As with many things, there is more nuance to the prediction, and the story is more complicated than a shock number would suggest. It’s a lesson in how framing skews the way we see data and trends, if nothing else. “Close” is doing a lot of work in this case, because some of those closures would be the result of mergers into larger institutions that can absorb more students. By sheer campus count? Sure, maybe half of colleges and universities in the U.S. close if the prediction is true. But that is different than halved capacity.
The headlines represent predictions, and predictions should not be taken as exercises in precision even if “50%” feels like a tangible number. As with anything trafficking in statistics, the general picture it paints by interpretation is enough to form impressions and tell us stories from the present and future even if the particulars aren’t exact. We are going to lose a lot of schools, and by extension a lot of choice. Abundance to more scarcity, that timeless Shakespearean economic drama.
But why?
A big part of the problem is that the growing scarcity for a college degree is mostly due to the demand side. Year-over-year, we are creating less 18-year-olds here in the U.S., which means less people wanting to start college. Now, not everyone goes to college, and that is well and good. But unless you can convince a growing number of people in a shrinking demographic to go to college, you have shrinking demand for seats in the face of excess capacity. Something has to give, and by 2026 or so we expect it to give. Ergo, schools closing. Some already have closed due to financial distress, others due to distress exacerbated by COVID.

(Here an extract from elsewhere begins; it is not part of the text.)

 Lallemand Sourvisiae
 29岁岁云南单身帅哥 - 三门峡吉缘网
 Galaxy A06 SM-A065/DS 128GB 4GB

At the same time this demographic bomb is gathering, colleges have been growing cost of attendance at a pace faster than financial aid can keep up, reaching levels that discourage people from enrolling. Growing the share of high school graduates choosing college is very difficult in that kind of environment. In the background, we’ve been undergoing generational cuts to public funding of higher ed, shifting burdens onto students and parents in the form of loans or hard cash. All this affects the other tool in an institution’s toolkit, which is to offer more perks as a way to be more competitive in an environment that features shrinking demand. Perks cost money, and that either comes via cost of attendance increase or budget cuts for colleges that already are running deficits in some cases. It’s a difficult place for universities to be if they already were suffering.
I worked for nearly a decade in newspapers before going back to school to enter higher ed. In conversations with colleagues, I constantly reference my old life as a way of understanding the forces converging on my new profession. It is difficult to look at the state of higher ed and not see the trajectory of the newspaper business.
Shrinking demand in the face of generational demographic change? Check.
Lack of ability to invest because of legacy costs and untouchable sacred programs that must be fed? Check.
An economic model built around information-as-commodity, one that is being disrupted by technology? Check
Pandemic? OK, three out of four ain’t bad.
Higher ed was on a collision course with this reality even before the pandemic. I started with 2018, and we are further down the road toward 2026. The past year has thrown gasoline on the fire. I write this today on the one-year anniversary of my own institution announcing it was closing for two weeks due to coronavirus. A day later it was the rest of spring semester. I still haven’t taught in person since March 11, 2020.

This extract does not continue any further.